O Dinamismo Absoluto eternamente criativo não depende das Suas criações. Portanto, o homem, por seus supostos “merecimentos” não pode induzi-Lo ao que quer que seja. A sintonia da existência pessoal com o dinamismo divino (consciência cósmica) é que proporciona à criatura a realização do seu destino histórico e transcendental. A interpretação semântica do encontro entre a criatura e o Criador diverge processualmente, quer seja o mesmo (encontro) contextualizado numa perspectiva (espiritualidade) “quântica” como resultado da coincidência da “consciência local” e da “Consciência Cósmica”, quer seja visto do ponto de vista da “espiritualidade tradicional”. Enquanto esta antropomorfiza Deus para um encontro devoto; na “espiritualidade quântica” o encontro é numinoso[9], implícito na experiência da presença de um Deus totalmente desconhecido, mas absolutamente confiável, do qual nos tornamos parceiros, em fazendo bom uso dos dons que d´Ele recebemos.

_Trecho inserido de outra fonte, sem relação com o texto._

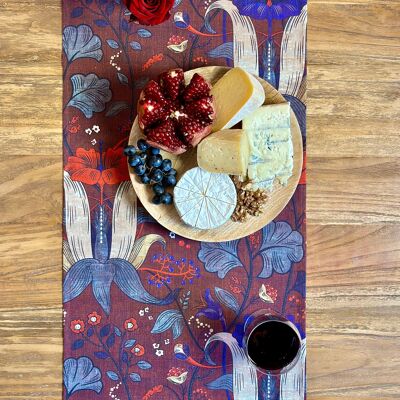 Table Runner Simple, Cotton, Printed | Red Drama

O fato de ser consciente e livre[10] distingue o homem das demais criaturas, tornando-o responsável por suas escolhas pessoais. Por isso ele precisa dispor de critérios baseados em valores referenciais absolutamente confiáveis. Neste sentido necessita contextualizar-se numa cosmovisão na qual possa ancorar, com total segurança, os valores que nortearão seu vir a ser. Todavia, para construir uma mundividência totalmente confiável teria que arrimá-la numa “transcendência absoluta”. Mas a transcendência absoluta” é inacessível à razão. Sob o ponto de vista estritamente racional, dela nada se pode afirmar ou negar. Portanto, na prática do vir a ser cotidiano, para vencer as incertezas de seu devir, o “ser para si” necessita apoiar-se na “razão e na fé como os dois olhos da alma; na verdade[11] e na crença[12]  como os dois pólos da vida”[13].                                  
Everaldo Lopes


[1] O poder que as pessoas têm de escolher suas ações, no sentido que o “agente”, embora limitado por sua contingência, não é totalmente condicionado por fatores antecedentes, e tem vontade própria.

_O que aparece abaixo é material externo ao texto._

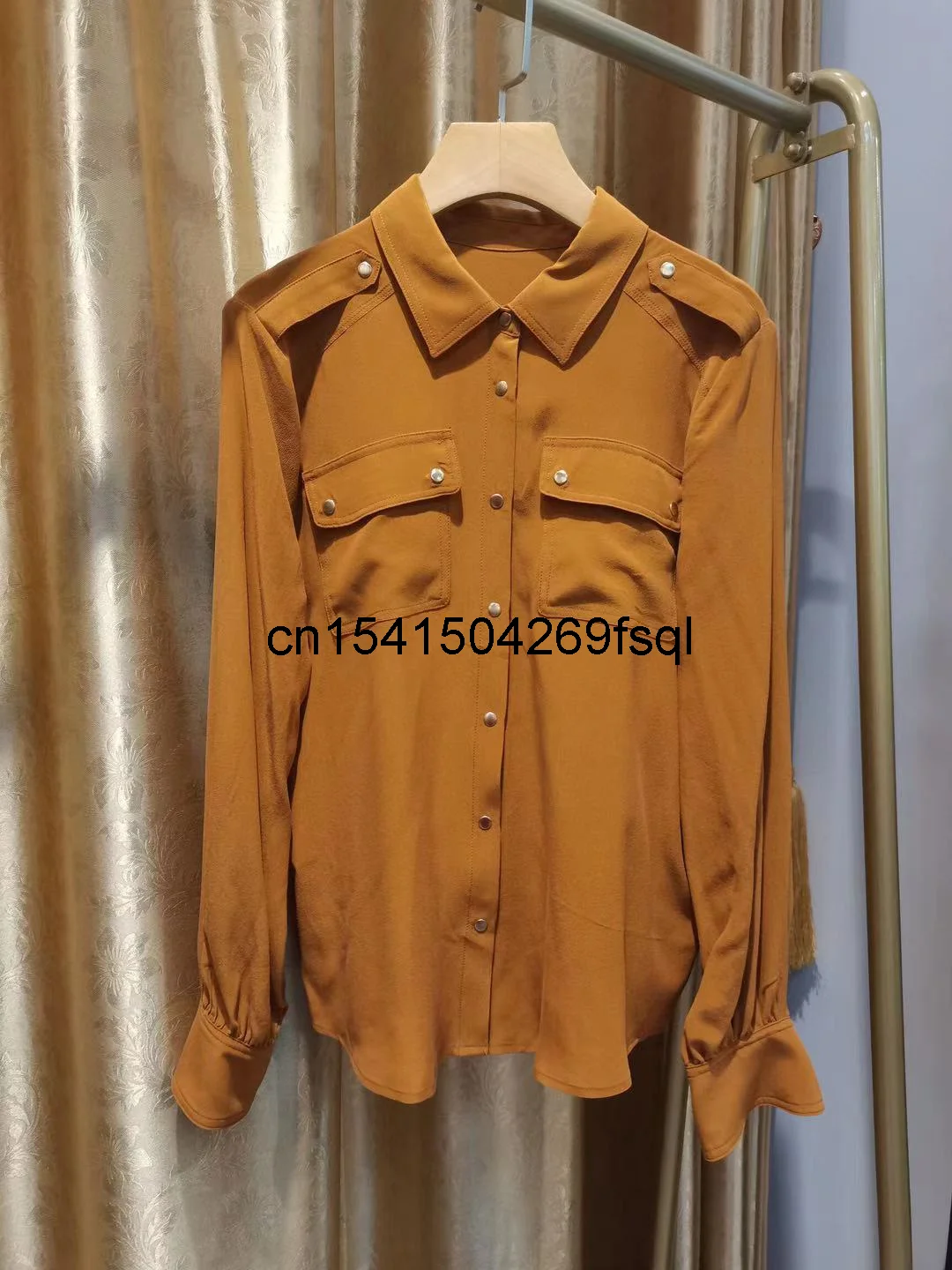 

New Fashion Women Solid Shirts 2021 Runway Luxury Famous Brand European Design Party Style Ladies Silk Blouse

[2] No heideggerianismo, situação característica da existência humana que, lançada ao mundo, está submetida às injunções e necessidades dos fatos.

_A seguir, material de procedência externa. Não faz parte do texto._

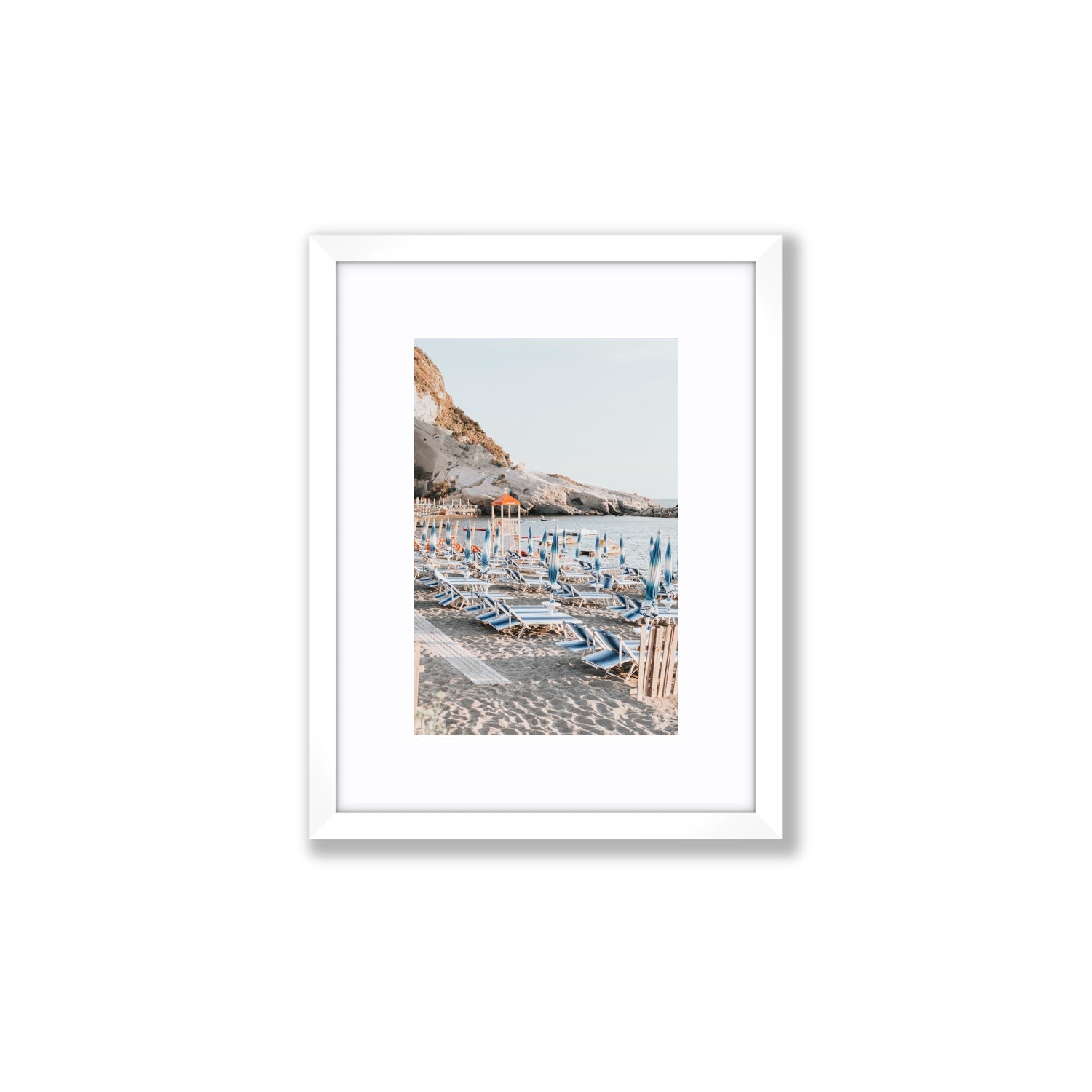 The Golden Hour Ischia Italian coastal wall art Small fine art print in white frame with matboard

[3] Ser que implica na consciência, conhecimento a seu próprio respeito e a respeito do mundo. (Sartre)
[4] Podemos entender um Em-si como qualquer objeto existente no mundo e que possui uma essência definida. (Sartre
[5] Que não depende de ninguém, de coisa alguma; independente, soberano            que não sofre nem comporta restrição ou reserva; inteiro, infinito    que não admite condições, limites; incondicional.

[6] . Princípio supremo de explicação da existência, da ordem e da razão universais, e garantia dos valores morais.
[7]  Agrupamento de todos os homens que se caracteriza por forte coesão baseada no consenso espontâneo dos indivíduos. 
[8] Amit Goswami in “O Ativista Quântico”. Segundo a Teoria Quântica, a realidade são probabilidades que se materializam mediante escolhas da Consciência Cósmica (não localizada) e da consciência pessoal (local). Ed. Aleph.
[9] Segundo Rudolf Otto (1869-1927), teólogo e filósofo alemão, o sentimento único vivido na experiência religiosa, a experiência do sagrado, em que se confundem a fascinação, o terror e o aniquilamento.  Aurélio Sec.XXI
[10] Liberdade limitada pela própria contingência humana, obviamente.
[11] Produto da razão
[12] Produto da fé
[13] Guerra Junqueiro em “A velhice do Padre Eterno”.